Au garage Lesieur

Justine arrivait tôt au garage Lesieur, et avec un plaisir autrement plus grand que celui de s’endormir après une bonne journée de travail. Le garage de Raymond Lesieur était un garage 4 étoiles. Raymond réparait les moteurs sophistiqués qui ne rugissaient plus, faisait briller les carrosseries rayées et vidangeait les conduits les plus délicats. Son mécanicien, Benoît, lui était fidèle depuis 10 ans, quand il avait commencé comme apprenti. Il aimait retrouver chaque jour au garage, l’odeur de l’essence et de l’huile de moteur, et travailler sur les plus beaux modèles de voitures, que les clients fortunés du quartier déposaient pour réparation. Parfois, la voiture avait trois fois rien, mais Raymond et Benoît avaient à cœur de rassurer les conducteurs qui arrivaient blêmes, en disant : « Je ne sais pas ce qui se passe, Monsieur Raymond, elle toussote depuis hier, et pourtant, j’ai fait comme vous m’avez dit, j’y vais doucement sur l’accélérateur. » « Ne vous inquiétez pas Monsieur Martin, je vais regarder.  Pendant ce temps, prenez donc un café. »

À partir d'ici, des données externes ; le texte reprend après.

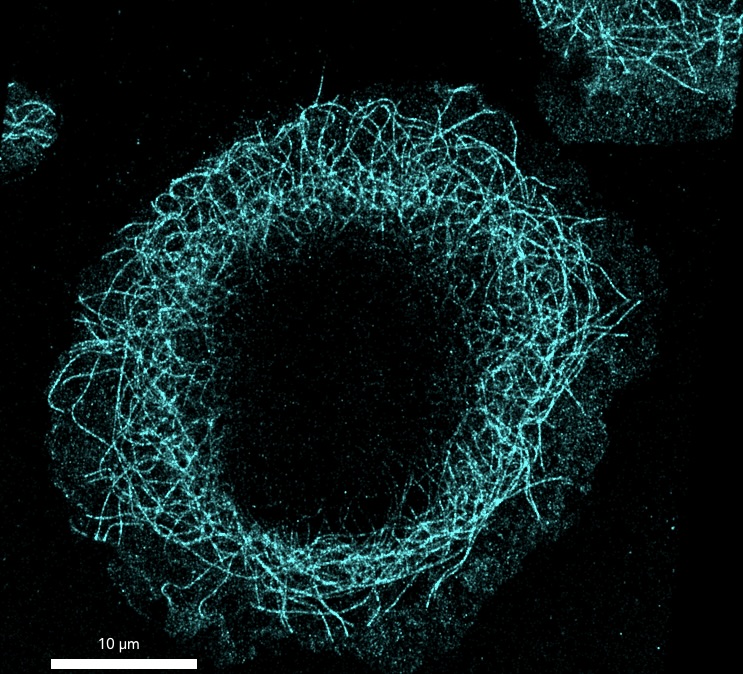 oniHQ's tweet photo. 🔬It's Fluorescence Friday and we have an image of tubulin in macrophages, taken by Dr. Megan Palmer from the Goethe-Universität Frankfurt a Main, with support from ONI's Field Application Scientist Dr Laura Woythe. 

#superresolution #microscopy #DiscoveryKit #FluorescenceFriday https://t.co/jex7x7VfAI
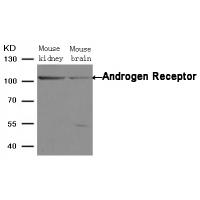 Androgen Receptor(Ab-650) Antibody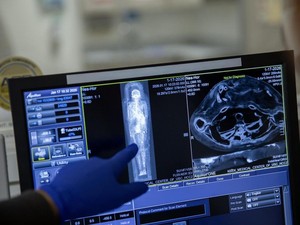 Mumi Mesir Kuno Diteliti dengan CT Scan, Seperti Ini Bentuk Aslinya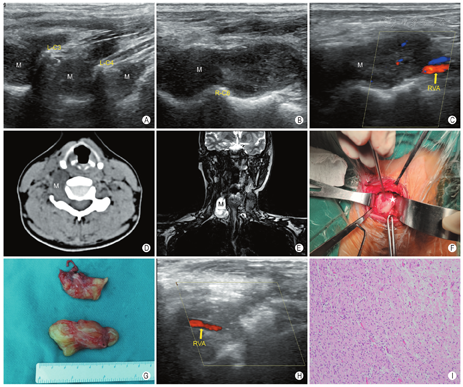颈部神经鞘瘤病超声表现1例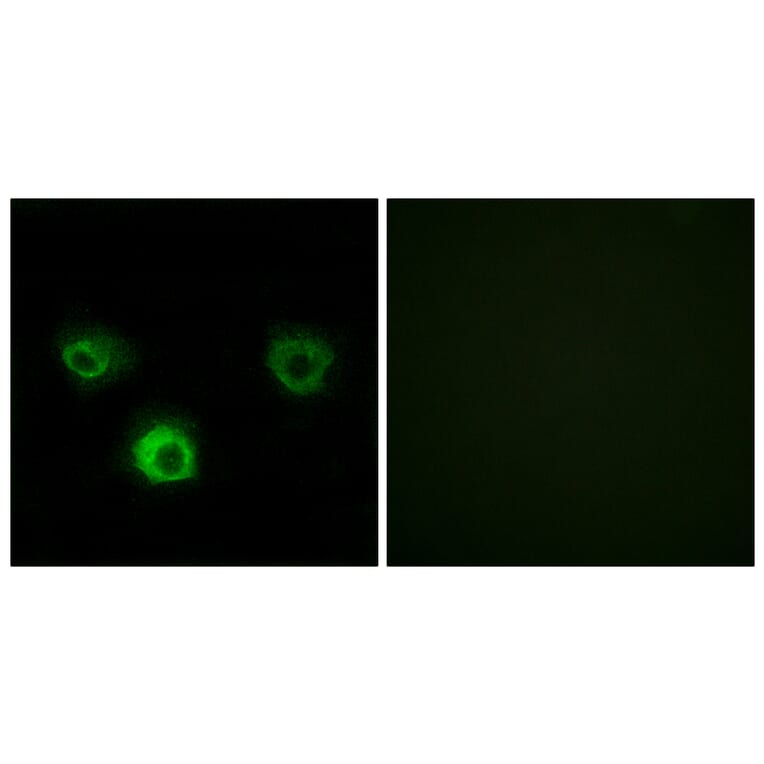 Immunofluorescence - Anti-CCR4 Antibody (C12128) - Antibodies.com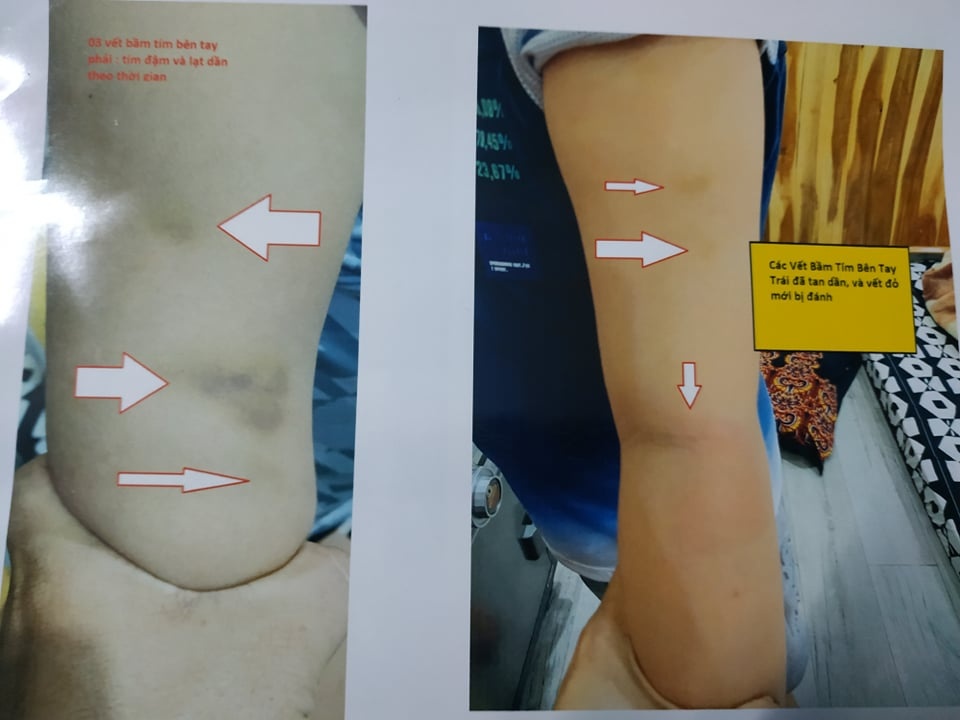 To co giao danh tre anh 1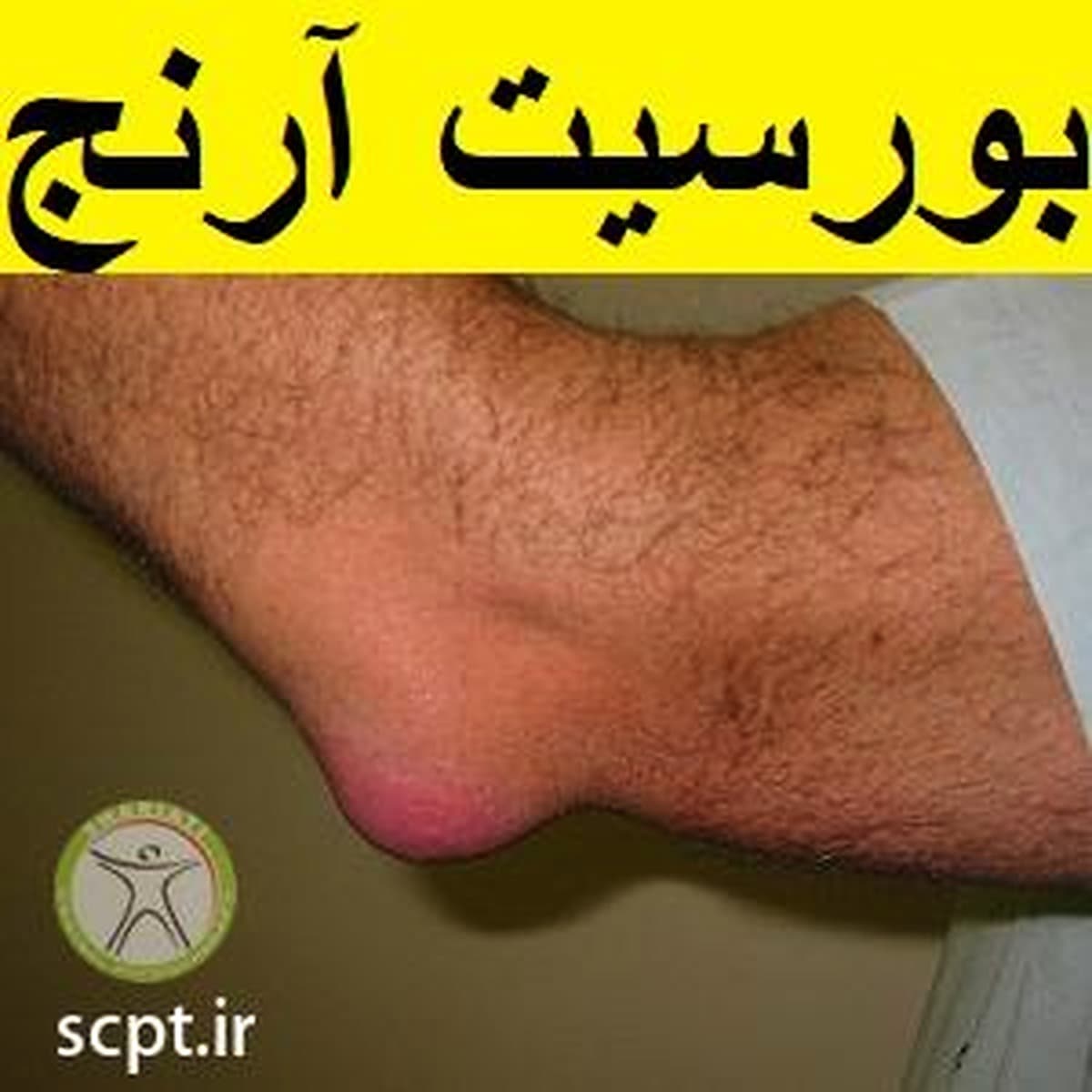 بورسیت آرنج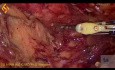 Niska przednia laparoskopowa resekcja odbytnicy z powodu raka odbytnicy
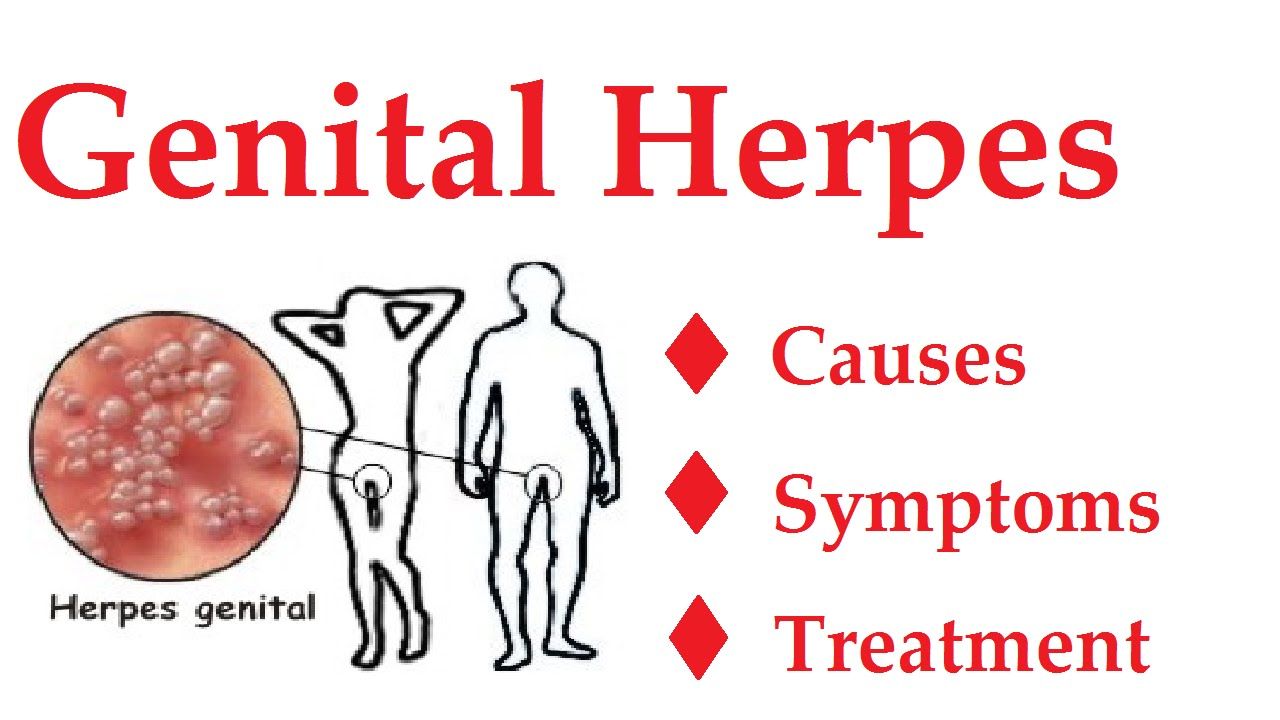 Genital Herpes Simplex 2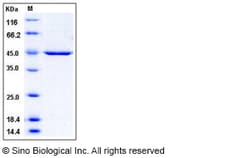 Sino Biological Human PDK-1 Protein (His Tag) 50ug, Quantity: Each of 1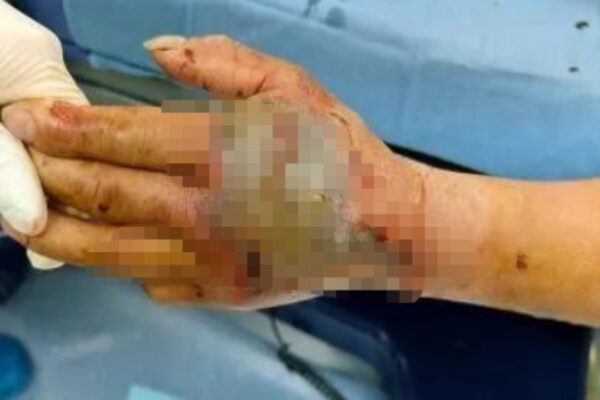 A 72-year-old man in China cut off a cobra’s head and picked it up five minutes later; it bit his palm, and doctors spent two months saving his hand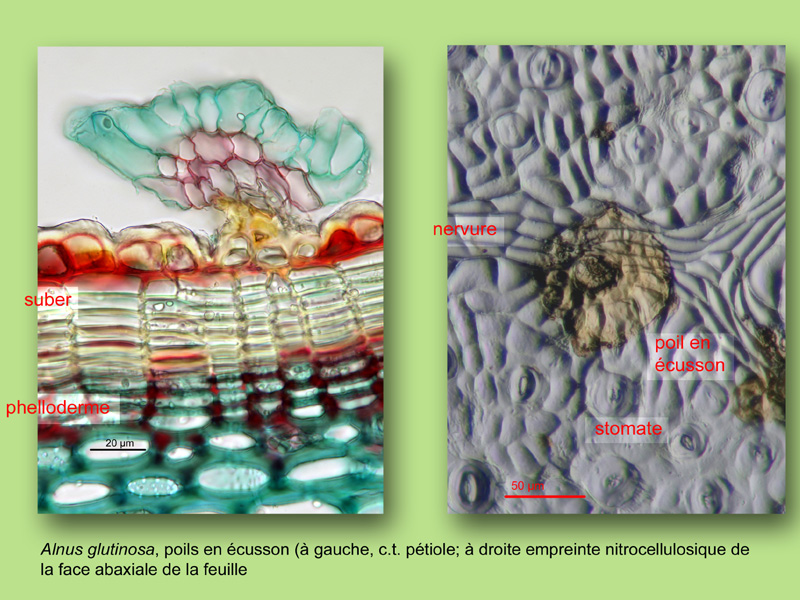 Alnus glutinosa, histologie, histology. #25011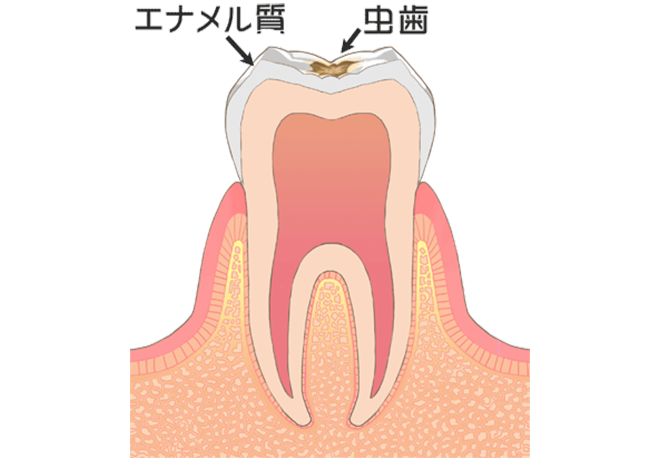 口の中に潜む細菌が引き起こす「むし歯」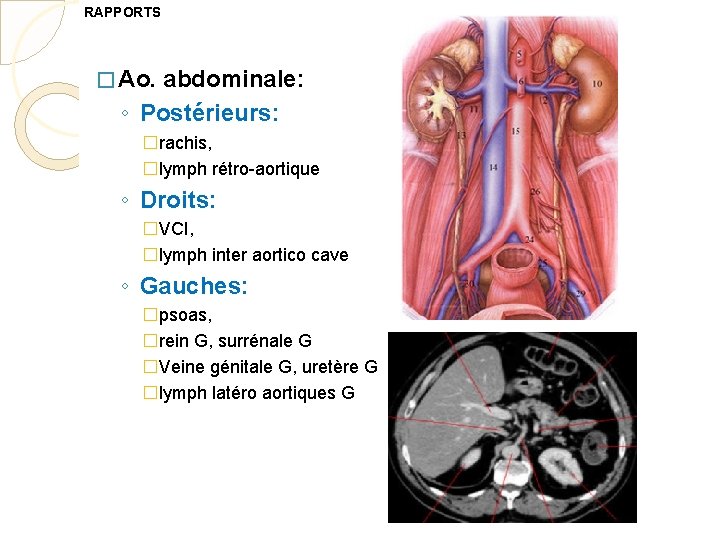 RAPPORTS � Ao. abdominale: ◦ Postérieurs: �rachis, �lymph rétro-aortique ◦ Droits: �VCI, �lymph inter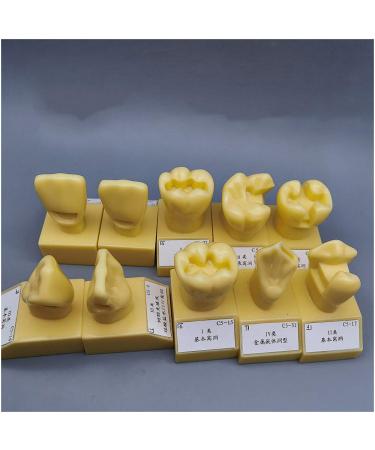 Ernzi teeth model for pedagogical - 4x enlarged dental teeth study - standards teeth preparation model - simulation oral dental teeth demonstration model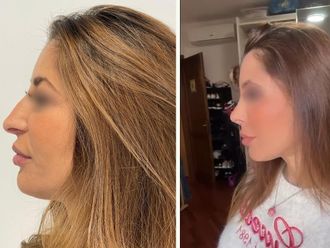 Rinoplastica prima e dopo - 877295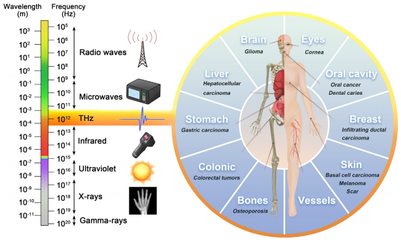 太赫兹医学成像 从体外到体内——技术演进与应用前景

Justine regardait avec un sourire tendre les pieds de Raymond qui dépassait de dessous la voiture. Elle préparait un café pour le client et lui parlait de la pluie et du beau temps, pendant qu’il goutait aux mendiants qu’elle avait préparés la veille au soir, après sa journée de travail.
Justine était arrivée deux ans plus tôt. Elle était envoyée par Pôle Emploi. Raymond avait besoin d’une secrétaire comptable, il ne pouvait plus tout faire lui-même depuis que le garage marchait si bien. Au début, elle avait hésité. Elle n’aimait pas trop l’odeur de l’essence, elle, et puis, mon Dieu ! Ces tâches de graisse partout ! Pourtant, au fil des jours, puis des semaines et des mois, elle s’était habituée. Et elle avait besoin de ce travail. Monsieur Raymond était gentil (« Justine, arrêtez de m’appeler Monsieur Raymond, dites Raymond tout court ! »). D’abord, elle avait rangé le bureau, classé les factures, organisé des dossiers suspendus par client et par fournisseur. Elle avait accroché des petits rideaux à la vitre qui séparait le bureau de l’atelier. Comme ça, quand les dames des clients les accompagnaient, elles pouvaient attendre dans un joli décor que ces messieurs aient fini leurs discussions mécaniques. Elle avait retiré les calendriers Pirelli, et là, Raymond et Benoît avaient un peu tiqué, parce que, bon. « Vous voyez bien que ce n’est pas le style de la clientèle, Monsieur Raymond ! » Et Raymond et Benoît avaient bien dû admettre que le calendrier de Sempé convenait mieux.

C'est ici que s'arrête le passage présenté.